Over this week at CA we have had Sandra Page come back in from ASCD to help teachers level-up from last year’s work, which was largely and introduction to differentiation and establishing a common language and set of strategies around it. Then  over the weekend I attended a separate JCIS weekend workshop at Osaka International School, led by Naomi Nelson (part of Bill and Ochan Powell’s Education Across Frontiers), on ‘Differentiation: Making Inclusion Happen.’ It was a powerful week of PD, with Naomi’s weekend sessions being particularly useful as a coordinator. With so much professional learning taking place – as MYP Co, science teacher and HOD Science – it will be a challenge to summarise this all into one post and you will likely recognise much of the ideas here.

An Overview

The differentiation content in each session was largely based on the work of Carol Ann Tomlinson, with the common language of differentiating Product, Process, Content (and Affect) by Readiness, Interest and Learning Profile. As a focus at the school we have been working mainly on building teachers’ readiness in Readiness, Process and – to a much lesser extent – Product (assessment).  The work we have been doing has been supported by resources on the school’s faculty guide and in the ATLAS planners, as well as department-based sessions with Sandra.

The Curriculum-Students Balance

Naomi did an great job of crystallizing the connections between an excellent concept-based curriculum with the practices of teaching in the differentiated classroom. Building on Tomlinson’s work, the mantra became an excellent differentiated classroom is first excellent, then differentiated. We need to build on a strong knowledge of an excellent curriculum, and the process of building and articulating that excellent curriculum is the foundation of progress. As part of this curriculum, we need to be aware of the greater conceptual understandings of our unit and the minimum acceptable evidence of understanding of our students to be successful in the unit. We must know where we need to go, and then think about how we might bring in readiness and interest to get there.

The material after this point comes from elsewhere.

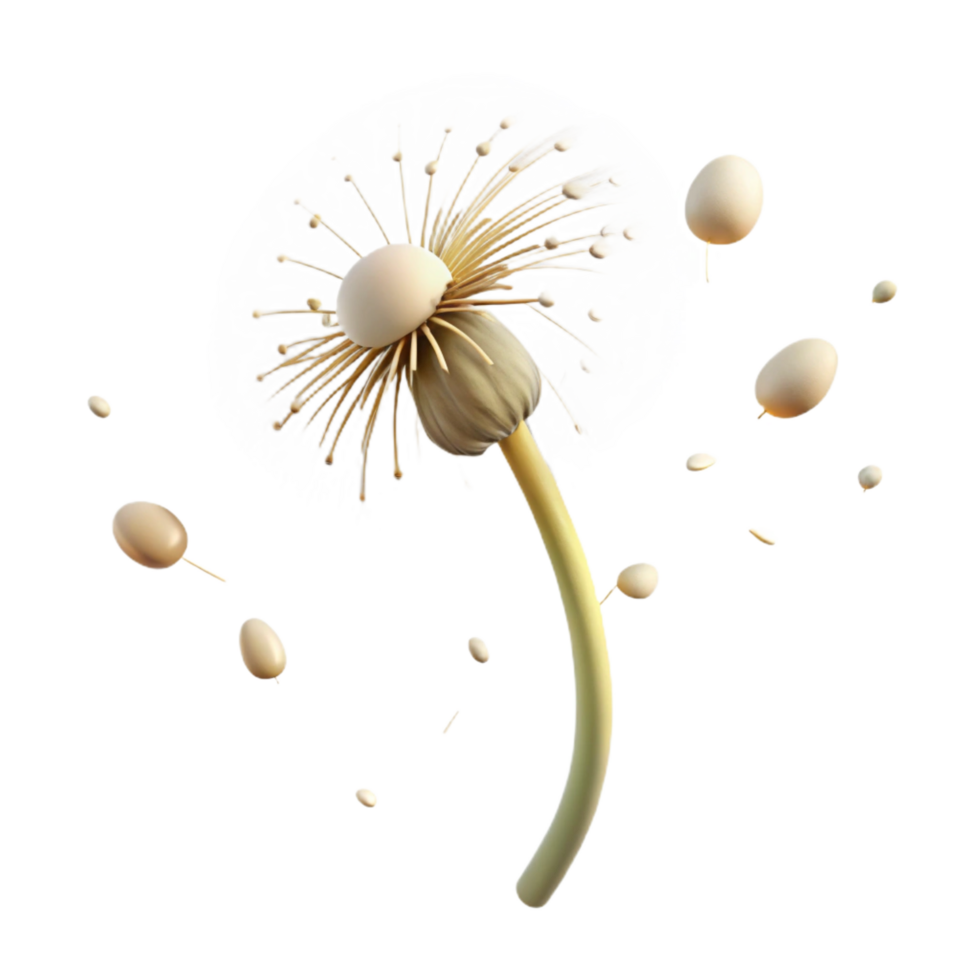 alluring inspired A single dandelion seedhead with seeds blowing in the wind, soft afternoon light, whimsical and dreamy, illustrative style png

Screen Shot 2013-09-23 at 9.31.55 PMA strong curriculum doesn’t, however, mean a slavish devotion to content over all else. We are educators, not fact transmitters, and must ensure that the students remain in the balance. By knowing our students – their interests and readiness as a group and as individuals and what makes a successful learning environment – we can start to meet their needs as learners. We should use formative and summative assessment data as a regular part of our own teaching feedback cycle.  A differentiated classroom is responsive; the opportunities to respond are planned.

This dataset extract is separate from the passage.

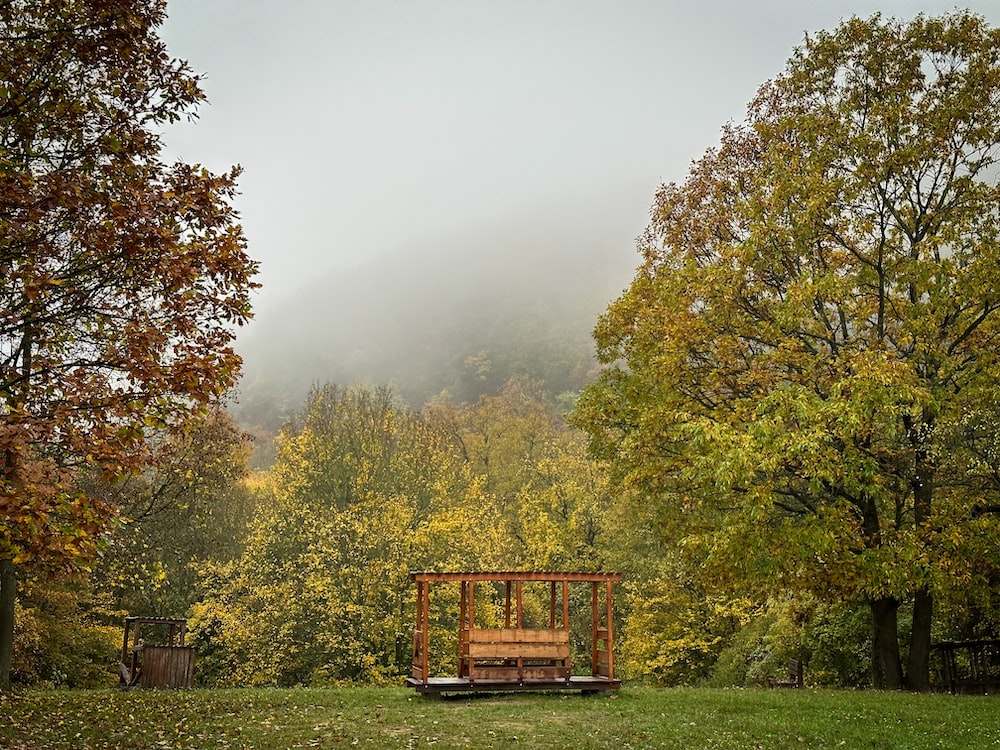 유아 성장과 발달을 위한 자연 교육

A good differentiated classroom encourages inquiry, but does not lose the curriculum in the balance: a classroom too student-oriented doesn’t easily help progression or maintain ‘standards’ (and as a result, open inquiry as curriculum ranks pretty low on Hattie’s impacts). However, if we focus only on the content, insisting that all students must meet our personal standards at the same time in the same way in order to be ‘successful’, then we are doing our learners a huge disservice.

“Differentiate Up”

A successful differentiated classroom does not sacrifice standards or make things ‘easier’ for students. We don’t give everyone an undeserving top grade because they worked hard or we feel bad for them. We certainly don’t adjust our grading fairness. Instead, we ‘differentiate up’ by making clear our expectations of all students and providing extension that takes the most ready to the next level. We do not differentiate the significant concepts, unit questions or key content by readiness – instead we make it clear how students can go beyond, to extend themselves. We ensure that students sit in the zone of proximal development, an area of tension where they are forced to learn not through giant leaps but through an invitation to challenge and to flow. For those less ready we can provide more process support, scaffolding, coaching and clarification. When all students are clear on what they are required to understand, know and do then we have a solid foundation for differentiation.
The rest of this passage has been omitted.